Supplied records:
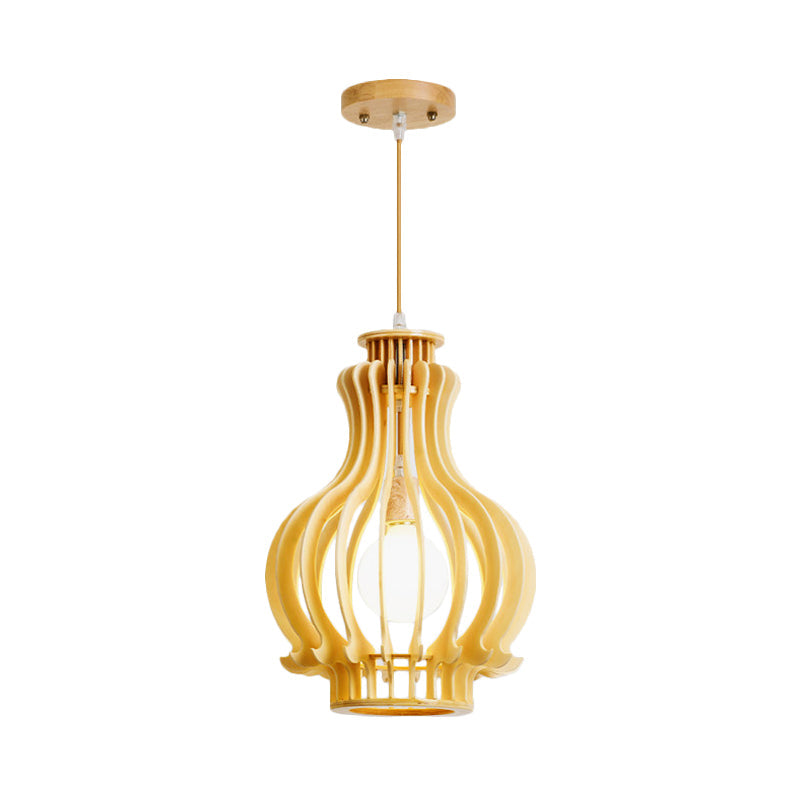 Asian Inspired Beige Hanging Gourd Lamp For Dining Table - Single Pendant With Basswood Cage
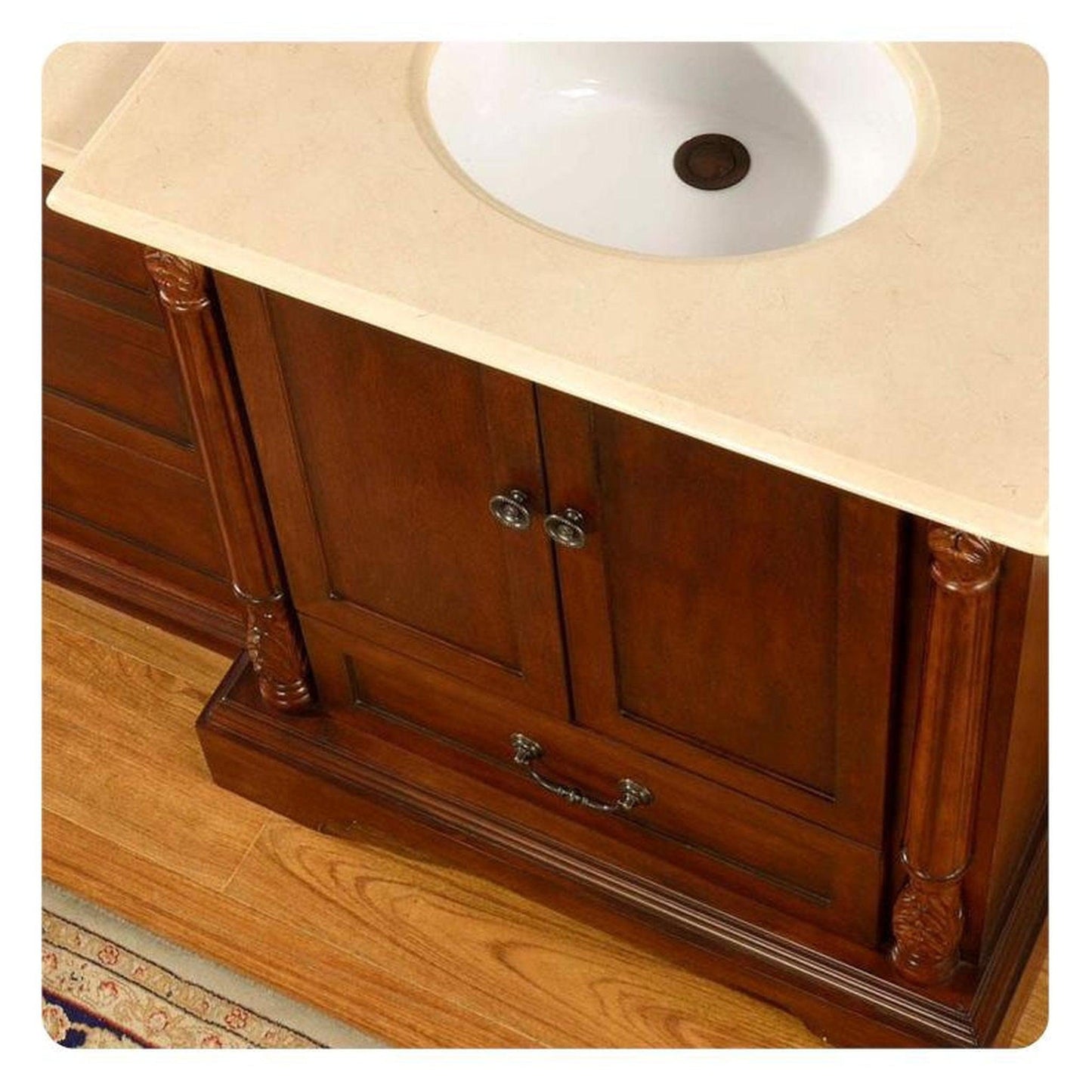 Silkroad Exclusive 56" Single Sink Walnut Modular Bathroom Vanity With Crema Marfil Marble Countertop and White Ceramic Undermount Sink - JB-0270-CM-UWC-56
---
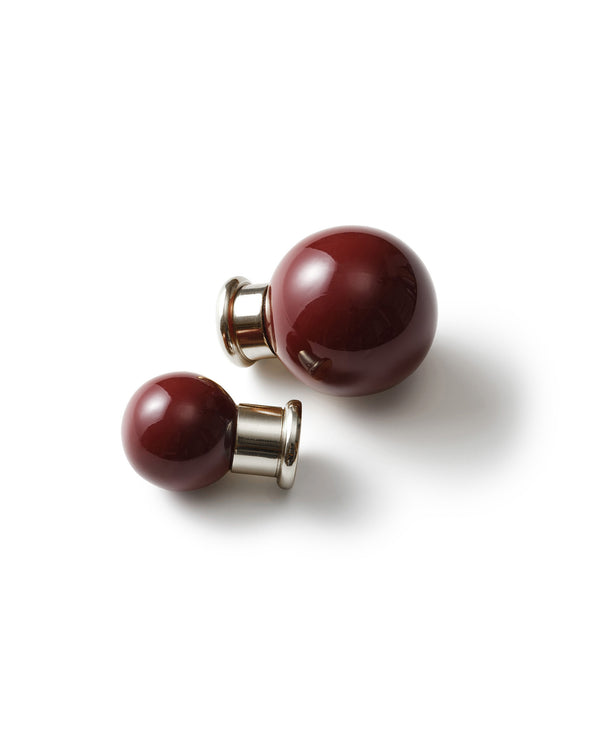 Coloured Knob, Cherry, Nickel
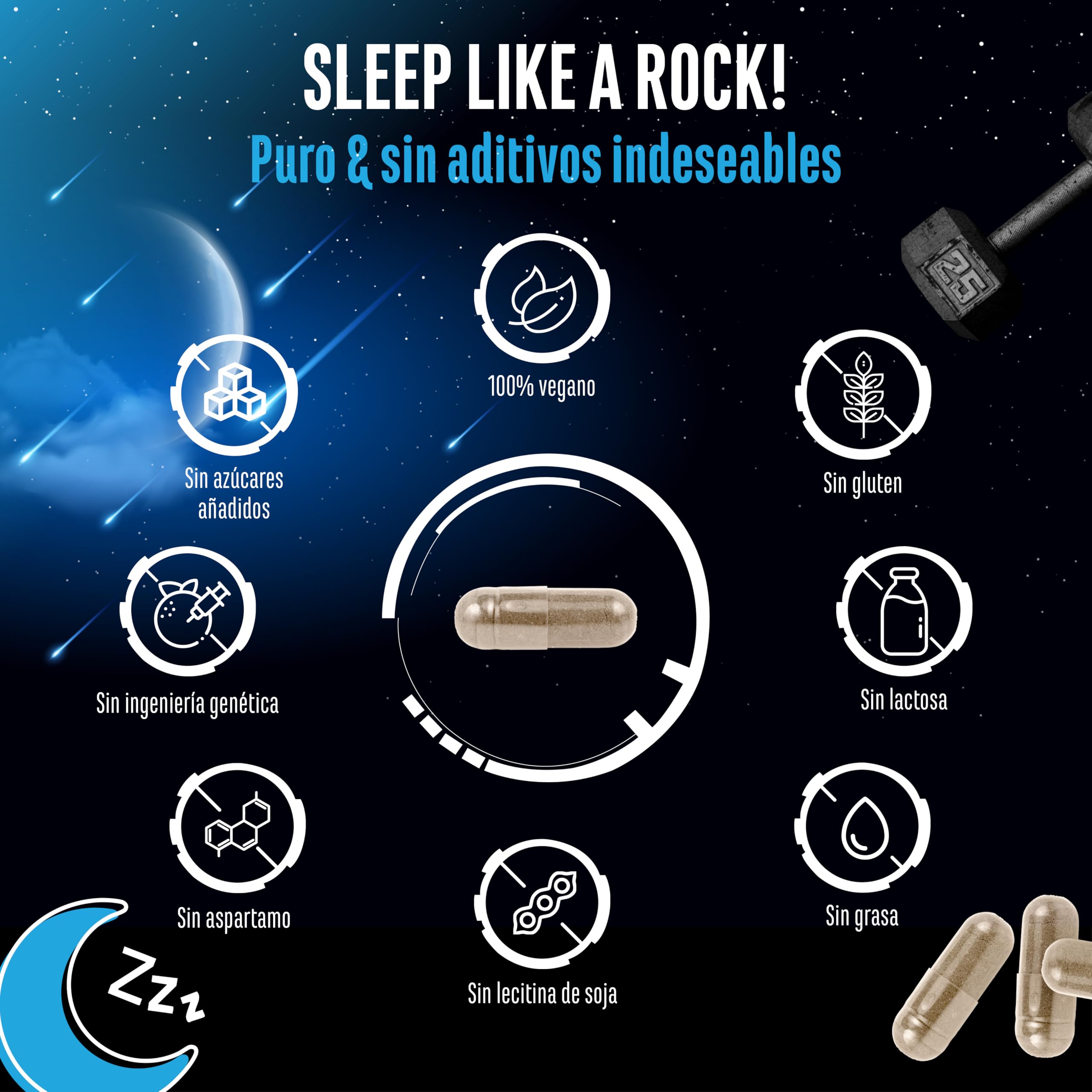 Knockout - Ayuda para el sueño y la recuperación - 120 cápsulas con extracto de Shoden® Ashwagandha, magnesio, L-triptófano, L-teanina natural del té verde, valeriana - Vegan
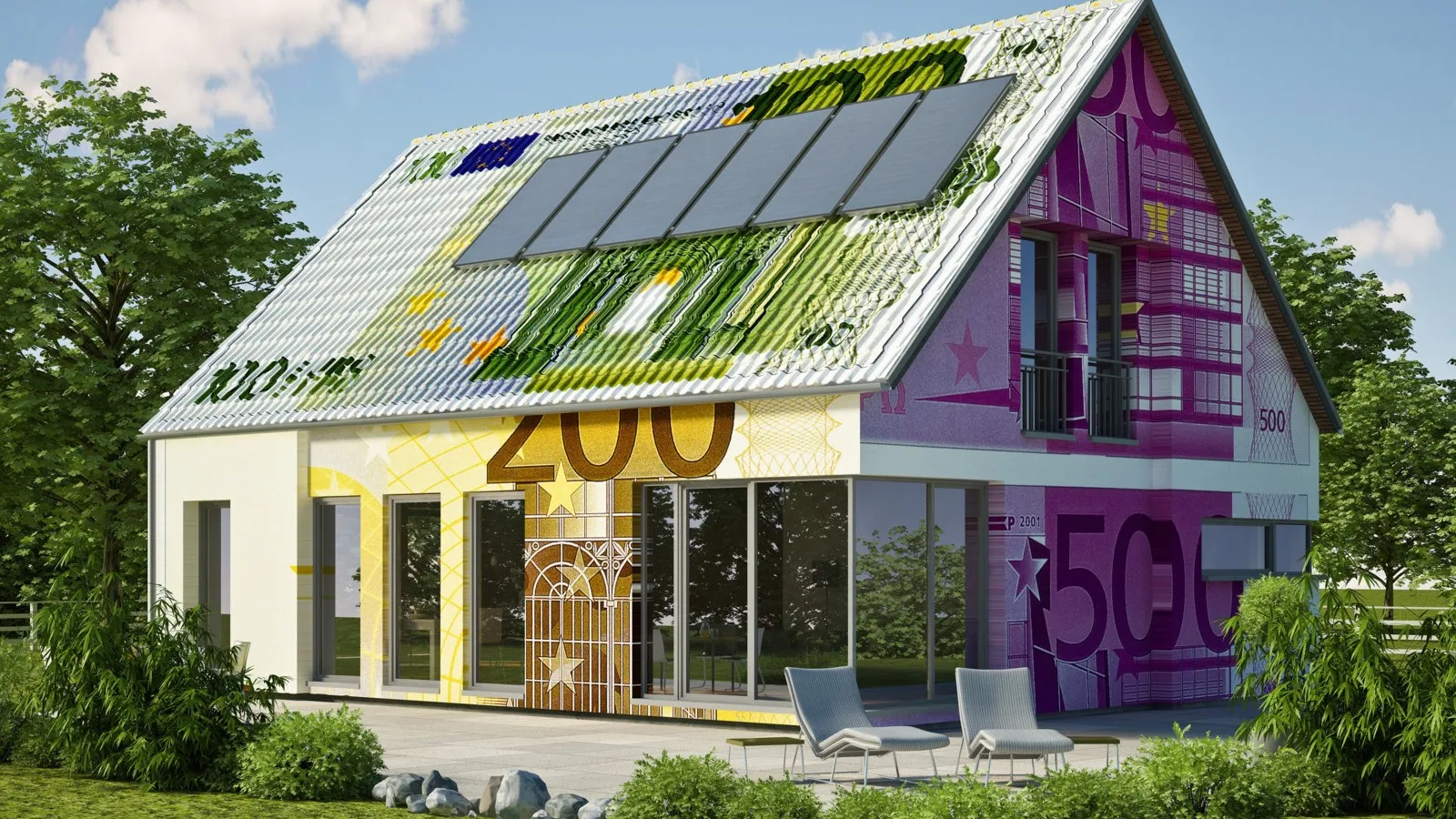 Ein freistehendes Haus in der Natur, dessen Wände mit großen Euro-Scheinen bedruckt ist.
--
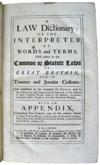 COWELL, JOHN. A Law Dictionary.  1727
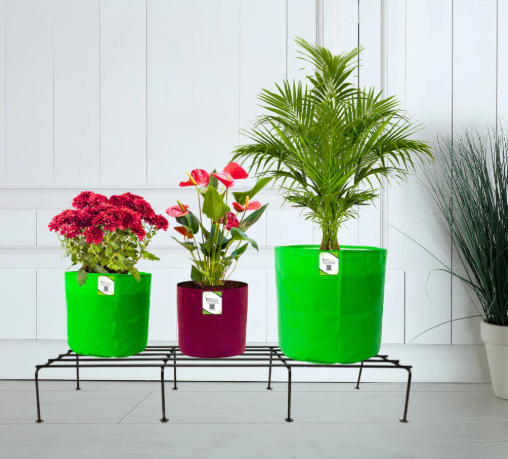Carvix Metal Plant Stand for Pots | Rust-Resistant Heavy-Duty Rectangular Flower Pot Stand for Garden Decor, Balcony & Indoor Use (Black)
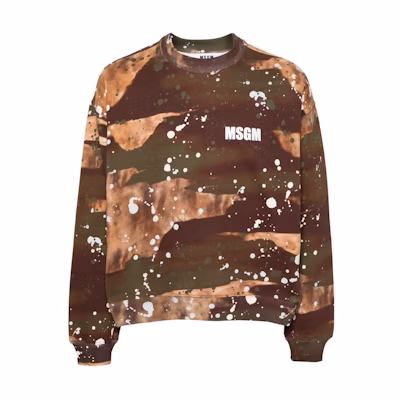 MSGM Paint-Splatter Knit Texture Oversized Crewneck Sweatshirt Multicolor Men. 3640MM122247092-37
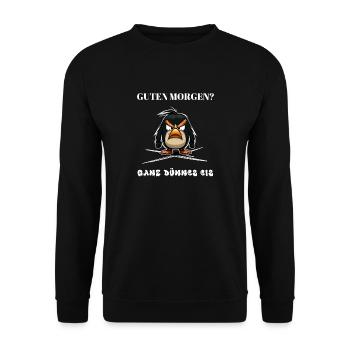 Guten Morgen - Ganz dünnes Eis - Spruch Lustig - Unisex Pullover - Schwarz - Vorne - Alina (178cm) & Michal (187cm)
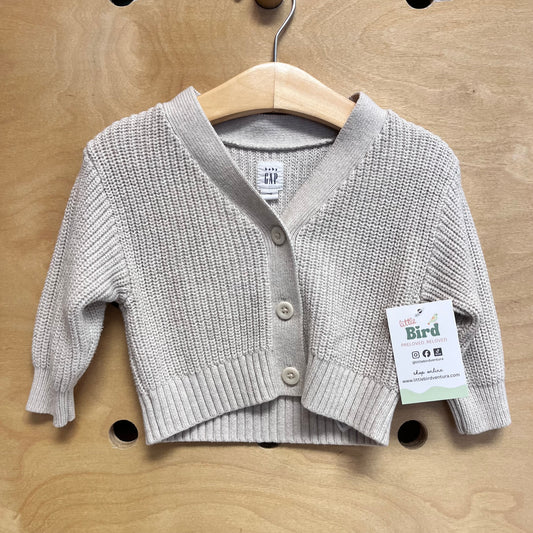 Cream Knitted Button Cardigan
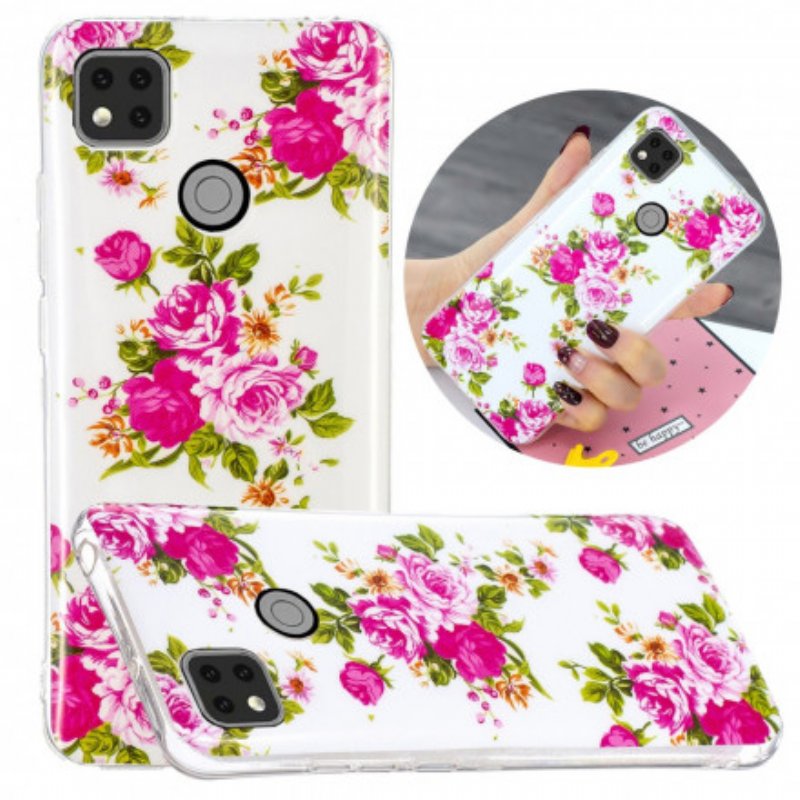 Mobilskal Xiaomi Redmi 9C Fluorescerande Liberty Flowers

What to do:
Write out again exactly the lines above from the one with "Asian Inspired Beige" through the one with "Sink - JB-0270-CM-UWC-56", adding no other lines and no pictures.

Output:
 Asian Inspired Beige Hanging Gourd Lamp For Dining Table - Single Pendant With Basswood Cage
 Silkroad Exclusive 56" Single Sink Walnut Modular Bathroom Vanity With Crema Marfil Marble Countertop and White Ceramic Undermount Sink - JB-0270-CM-UWC-56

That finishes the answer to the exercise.